An antibiotic-resistant "superbug" strain of typhoid fever has spread globally, driven by a single family of the bacteria, called H58, according to the findings of a large international study.
The research, involving some 74 scientists in almost two dozen countries, is one of the most comprehensive sets of genetic data on a human infectious agent and paints a worrying scene of an "ever-increasing public health threat", they said.
Typhoid is contracted by drinking or eating contaminated matter and symptoms include nausea, fever, abdominal pain and pink spots on the chest. Untreated, the disease can lead to complications in the gut and head, which may prove fatal in up to 20 percent of patients.
Vaccines are available -- although, due to limited cost effectiveness, not widely used in poorer countries -- and regular strains of the infection can be treated with antibiotic drugs. However, this study found that the H58 "superbug" version, which is resistant to multiple types of antibiotics, is now becoming dominant.
"H58 is displacing other typhoid strains, completely transforming the genetic architecture of the disease and creating a previously under appreciated and on-going epidemic," the researchers said in a statement about their findings.
Vanessa Wong of Britain's Wellcome Trust Sanger Institute, who was part of the international team, said that since typhoid affects around 30 million people a year, robust and detailed good global surveillance is critical to trying to contain it.

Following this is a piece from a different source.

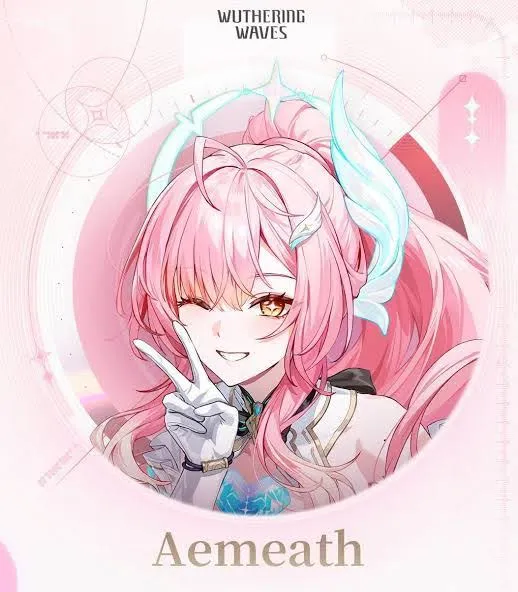 Aemeath || You're a big girl now🎶 no more daddy's little girl🎶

The research team, whose work was published in the journal Nature Genetics on Monday, sequenced the genomes of 1,832 samples of Salmonella Typhi bacteria that were collected from 63 countries between 1992 and 2013.
They found 47 percent were from the H58 strain.

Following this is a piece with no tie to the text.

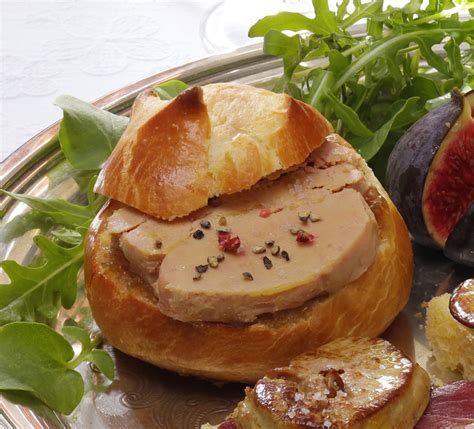 Le Foie Gras En Brioches Fan De Foie Gras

The team found that H58 emerged in South Asia 25 to 30 years ago and spread to Southeast Asia, Western Asia, East and South Africa and Fiji. They also found evidence of a recent and unreported wave of H58 transmission in many countries in Africa, which may represent an ongoing epidemic.
Kathryn Holt, a scientist at the University of Melbourne in Australia who worked on the study, said multidrug resistant typhoid is caused by the bacteria picking up new resistance genes as disease strains mix and pass from person to person.
Resistance "has been coming and going since the 1970s", she said, but in the H58 strain, the resistance genes are becoming a stable part of the genome "which means multiple antibiotic resistant typhoid is here to stay".